As the tides erode the northern coast of New Zealand, this house on a sled by architects Crosson Clarke Carnachan can be towed off the beach and out of harm’s way (+ slideshow).
Located within a designated erosion zone on the Coromandel Peninsula, the house was designed as a mobile structure to satisfy a planning condition requiring that all buildings in the area be removable.
A huge shutter folds up across the exterior to reveal and shade a two-storey glazed facade, which has an open-plan living room and mezzanine bedroom behind.
More shutters lift up to uncover windows on each side of the house, and a roof deck is hidden behind the parapet walls.
A family of five use the hut as a holiday home and the three children sleep in a three-tiered bunk bed in the back room.
Crosson Clarke Carnachan Architects also recently completed a charred wooden cabin – take a look at it here.
Surprisingly this isn’t the first building on a sled we’ve featured. The first was a sauna on a Finnish island.
Photography is by Jackie Meiring.
Here’s a description from Crosson Clarke Carnachan Architects:
On the shore of an idyllic white sandy beach on New Zealand’s Coromandel Peninsula rests an elegant hut. The site lies within the coastal erosion zone, where all building must be removable. This is taken literally and the hut is designed on two thick wooden sleds for movement back up the site or across the beach and onto a barge.
The hut is a series of simple design moves. The aesthetic is natural and reminiscent of a beach artifact/perhaps a surf-life-saving or observation tower. The fittings and mechanics are industrial and obvious, the structure is gutsy and exposed.

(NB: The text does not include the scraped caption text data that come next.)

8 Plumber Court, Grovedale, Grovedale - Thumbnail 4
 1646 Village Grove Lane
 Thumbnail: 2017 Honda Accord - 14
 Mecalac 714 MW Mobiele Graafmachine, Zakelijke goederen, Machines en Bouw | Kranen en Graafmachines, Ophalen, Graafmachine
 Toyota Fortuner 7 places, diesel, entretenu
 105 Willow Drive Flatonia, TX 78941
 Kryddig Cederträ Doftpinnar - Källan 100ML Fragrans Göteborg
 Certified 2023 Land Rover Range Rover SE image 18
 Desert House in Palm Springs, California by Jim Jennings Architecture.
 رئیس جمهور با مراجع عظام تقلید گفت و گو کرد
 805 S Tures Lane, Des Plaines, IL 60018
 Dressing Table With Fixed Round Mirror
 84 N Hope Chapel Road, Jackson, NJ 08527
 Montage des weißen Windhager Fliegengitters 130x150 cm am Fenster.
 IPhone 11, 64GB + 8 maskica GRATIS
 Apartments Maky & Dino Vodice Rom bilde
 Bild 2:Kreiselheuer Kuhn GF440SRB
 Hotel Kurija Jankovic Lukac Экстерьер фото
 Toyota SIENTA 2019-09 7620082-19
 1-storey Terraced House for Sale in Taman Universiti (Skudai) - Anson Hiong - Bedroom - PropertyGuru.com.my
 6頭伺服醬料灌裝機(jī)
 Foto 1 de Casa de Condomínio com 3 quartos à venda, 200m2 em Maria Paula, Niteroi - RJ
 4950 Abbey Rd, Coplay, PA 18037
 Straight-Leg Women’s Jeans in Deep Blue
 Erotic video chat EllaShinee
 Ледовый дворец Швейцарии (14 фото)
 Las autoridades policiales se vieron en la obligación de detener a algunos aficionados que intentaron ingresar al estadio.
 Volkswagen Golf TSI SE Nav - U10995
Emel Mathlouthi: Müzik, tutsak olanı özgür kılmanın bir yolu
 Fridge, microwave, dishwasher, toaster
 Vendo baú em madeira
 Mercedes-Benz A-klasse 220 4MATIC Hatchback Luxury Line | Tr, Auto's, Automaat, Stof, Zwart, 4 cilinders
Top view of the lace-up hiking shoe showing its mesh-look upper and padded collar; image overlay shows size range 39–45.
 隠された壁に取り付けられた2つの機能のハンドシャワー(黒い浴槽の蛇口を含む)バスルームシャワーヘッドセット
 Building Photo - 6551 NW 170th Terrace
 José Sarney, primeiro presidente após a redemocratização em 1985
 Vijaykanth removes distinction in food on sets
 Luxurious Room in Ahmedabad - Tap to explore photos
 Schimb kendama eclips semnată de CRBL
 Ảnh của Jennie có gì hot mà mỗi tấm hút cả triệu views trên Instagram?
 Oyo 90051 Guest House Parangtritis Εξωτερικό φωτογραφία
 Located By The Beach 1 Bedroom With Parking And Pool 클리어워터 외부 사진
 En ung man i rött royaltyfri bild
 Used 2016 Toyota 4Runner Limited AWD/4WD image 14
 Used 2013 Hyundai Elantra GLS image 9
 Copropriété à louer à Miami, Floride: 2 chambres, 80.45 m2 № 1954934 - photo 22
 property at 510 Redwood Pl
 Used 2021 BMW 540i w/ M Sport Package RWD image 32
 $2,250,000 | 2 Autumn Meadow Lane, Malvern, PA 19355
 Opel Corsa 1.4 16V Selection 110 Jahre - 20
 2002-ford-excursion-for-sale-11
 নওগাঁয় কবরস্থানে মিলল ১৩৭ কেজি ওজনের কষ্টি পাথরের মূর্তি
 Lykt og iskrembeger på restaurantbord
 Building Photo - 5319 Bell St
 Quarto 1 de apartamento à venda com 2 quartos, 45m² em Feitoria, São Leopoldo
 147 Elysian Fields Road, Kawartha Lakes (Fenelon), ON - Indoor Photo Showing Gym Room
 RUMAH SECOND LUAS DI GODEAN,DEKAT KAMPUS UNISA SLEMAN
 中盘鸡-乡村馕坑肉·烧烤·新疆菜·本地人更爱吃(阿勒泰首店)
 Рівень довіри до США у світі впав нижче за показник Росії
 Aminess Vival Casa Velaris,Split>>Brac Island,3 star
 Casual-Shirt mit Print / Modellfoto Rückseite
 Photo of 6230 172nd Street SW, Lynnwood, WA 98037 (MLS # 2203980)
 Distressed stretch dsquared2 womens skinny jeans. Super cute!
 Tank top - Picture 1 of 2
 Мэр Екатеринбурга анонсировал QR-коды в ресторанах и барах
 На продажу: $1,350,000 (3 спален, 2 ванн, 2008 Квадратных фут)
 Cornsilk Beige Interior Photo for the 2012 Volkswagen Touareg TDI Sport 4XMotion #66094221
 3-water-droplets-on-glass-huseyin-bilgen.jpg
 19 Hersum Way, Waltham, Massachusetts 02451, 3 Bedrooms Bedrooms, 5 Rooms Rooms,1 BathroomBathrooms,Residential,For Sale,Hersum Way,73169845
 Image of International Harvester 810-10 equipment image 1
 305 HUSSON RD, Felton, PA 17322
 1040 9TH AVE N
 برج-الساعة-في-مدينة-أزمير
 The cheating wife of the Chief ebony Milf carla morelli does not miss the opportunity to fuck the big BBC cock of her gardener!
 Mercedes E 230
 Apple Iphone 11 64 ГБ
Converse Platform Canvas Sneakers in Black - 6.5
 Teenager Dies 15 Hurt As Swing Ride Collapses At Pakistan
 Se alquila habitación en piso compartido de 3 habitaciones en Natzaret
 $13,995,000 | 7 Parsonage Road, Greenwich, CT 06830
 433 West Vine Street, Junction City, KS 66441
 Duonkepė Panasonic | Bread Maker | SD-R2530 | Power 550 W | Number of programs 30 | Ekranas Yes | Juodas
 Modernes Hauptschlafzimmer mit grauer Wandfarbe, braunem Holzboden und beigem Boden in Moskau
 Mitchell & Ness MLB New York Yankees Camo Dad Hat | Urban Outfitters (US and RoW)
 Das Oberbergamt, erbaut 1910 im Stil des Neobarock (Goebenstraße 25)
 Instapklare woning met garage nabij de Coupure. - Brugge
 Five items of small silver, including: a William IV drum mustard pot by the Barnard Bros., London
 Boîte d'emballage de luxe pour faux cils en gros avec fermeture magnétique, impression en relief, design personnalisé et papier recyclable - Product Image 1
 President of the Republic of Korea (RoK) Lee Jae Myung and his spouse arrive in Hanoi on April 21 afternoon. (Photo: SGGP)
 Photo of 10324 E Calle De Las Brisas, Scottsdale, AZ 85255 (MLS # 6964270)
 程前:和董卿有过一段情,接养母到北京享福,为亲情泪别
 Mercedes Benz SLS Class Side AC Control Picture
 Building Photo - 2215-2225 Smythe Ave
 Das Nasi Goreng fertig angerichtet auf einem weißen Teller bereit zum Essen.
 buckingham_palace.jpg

The holiday retreat is designed to close up against the elements when not in use, and measures a mere 40 square meters. It accommodates a family of five in a kitchen/dining/living area, a bathroom and two sleeping zones, the children’s accommodating a three tiered bunk.
Closed up, the rough macrocarpa cladding blends into the landscape and perches unobtrusively on the dunes. The rear being clad in “flat sheet” a cheap building material found in many traditional New Zealand holiday homes.
These clients sought to explore the real essence of holiday living; small, simple, functional. The normal rituals of daily life; cooking dining, sleeping and showering all being done connected to the outside.
The two storey shutter on the front facade winches open to form an awning, shading the interior from summer sun while allowing winter sun to enter. It reveals a double height steel framed glass doors that open the interior much like the tent flap, connecting the living and the ladder accessed mezzanine bedroom to the extraordinary view.
Within, the interior is the epitome of efficiency, every available space is utilised from cabinetry toe spaces to secret cubby holes within the children’s bunks.
The hut is totally sustainable from its modest size to the use of timber in its cladding, structure, lining and joinery and from its worm tank waste system to the separate portable grey water tanks. This is a new way of looking at holiday living in this sensitive dune environment.